Van alle belastingplichtigen tussen de 25 en 60 jaar maakt 2,6 procent gebruik van de aftrekpost scholingsuitgaven, voor gemiddeld 1.700 euro per jaar. Driekwart van de gebruikers van de aftrekpost scholingsuitgaven volgt een leertraject bij een niet-bekostigde instelling of een privaat opleidingsinstituut. Van diegenen die een door de overheid bekostigde opleiding volgen staan de meesten ingeschreven voor een bachelor- of masteropleiding in het hoger onderwijs. Dat blijkt uit een evaluatie van Centraal Planbureau.

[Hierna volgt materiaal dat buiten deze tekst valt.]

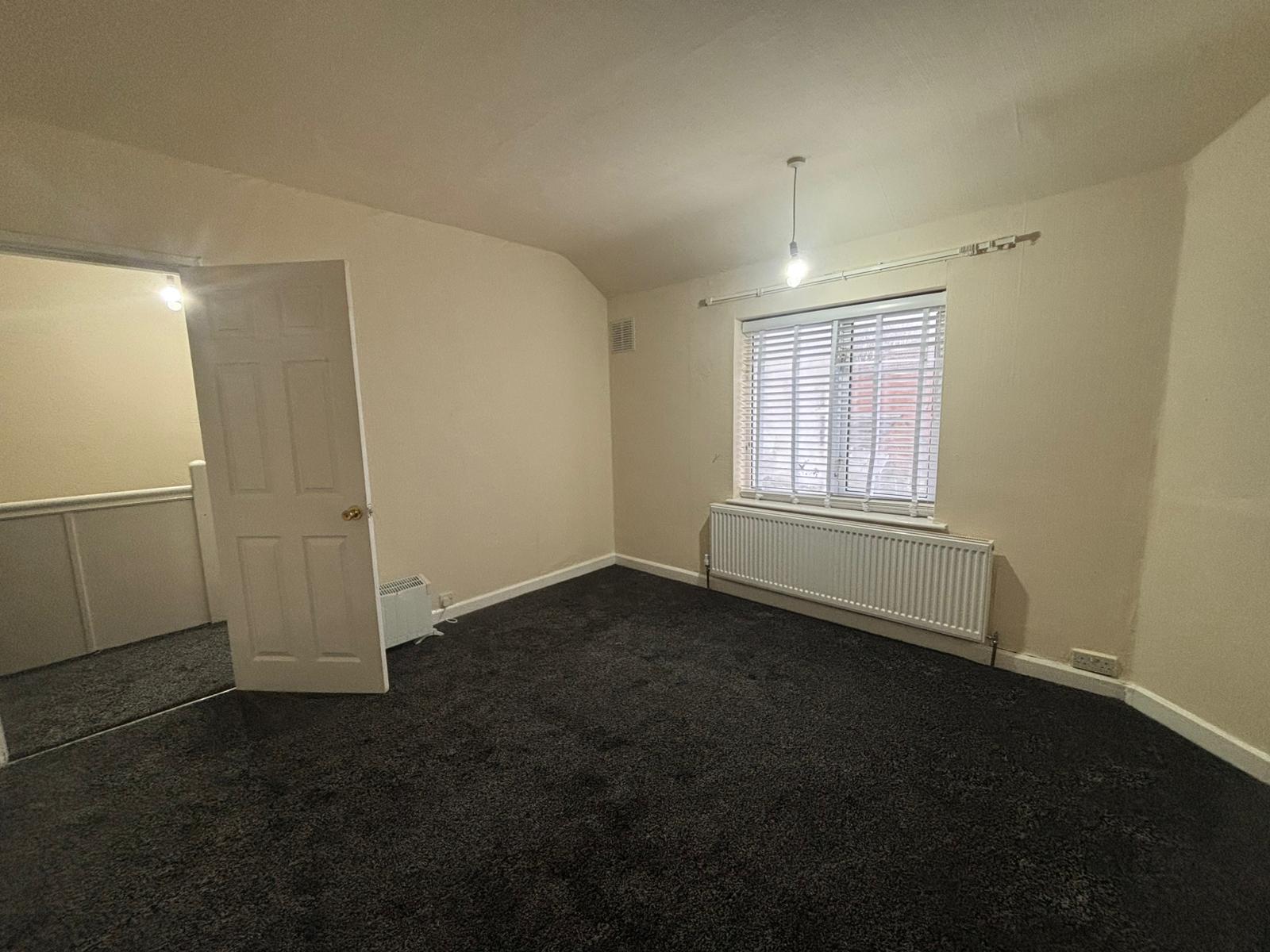 Dorset Road, Radford Image9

De aftrekpost scholingsuitgaven in de inkomstenbelasting is een aftrekpost voor uitgaven aan scholing gericht op het verwerven van inkomen uit werk en woning. De gebruikers zijn relatief vaak hoogopgeleid en/of werkzaam in loondienst. De aftrekpost lijkt het meest te worden ingezet voor de aanschaf van boeken en voor collegegeld.

Het stimulerende effect van de aftrekpost scholingsuitgaven op de deelname en uitgaven aan scholing wordt bepaald door mensen te vergelijken die de aftrekpost kunnen benutten tegen verschillende marginale tarieven. Voor minstverdieners, alleenstaanden met een relatief laag inkomen en meestverdieners met een hoog inkomen wordt rond de sprongen in het marginaal tarief geen bewijs gevonden voor een stimulerend effect van de aftrekpost op scholing. Bij meestverdieners met een relatief laag inkomen wordt wel een positief scholingseffect gevonden. Voor alleenstaanden met een relatief hoog inkomen is mogelijk sprake van een beperkt positief scholingseffect.

De notitie besluit met verschillende voor- en nadelen van de aftrekpost scholingsuitgaven en van alternatieve financieringsinstrumenten zoals een uitgavenregeling. Dergelijke alternatieve beleidsopties kunnen effectiever zijn dan de onderhavige aftrekpost. De precieze vormgeving van het alternatieve beleid lijkt hierbij van belang: als de overheid wil dat zoveel mogelijk mensen gebruik maken van de regeling is bekendheid met de regeling en communicatie hierover cruciaal. Als het bereik van personen met een laag inkomen of een laag opleidingsniveau centraal staat lijkt voorfinanciering door de deelnemer niet gunstig.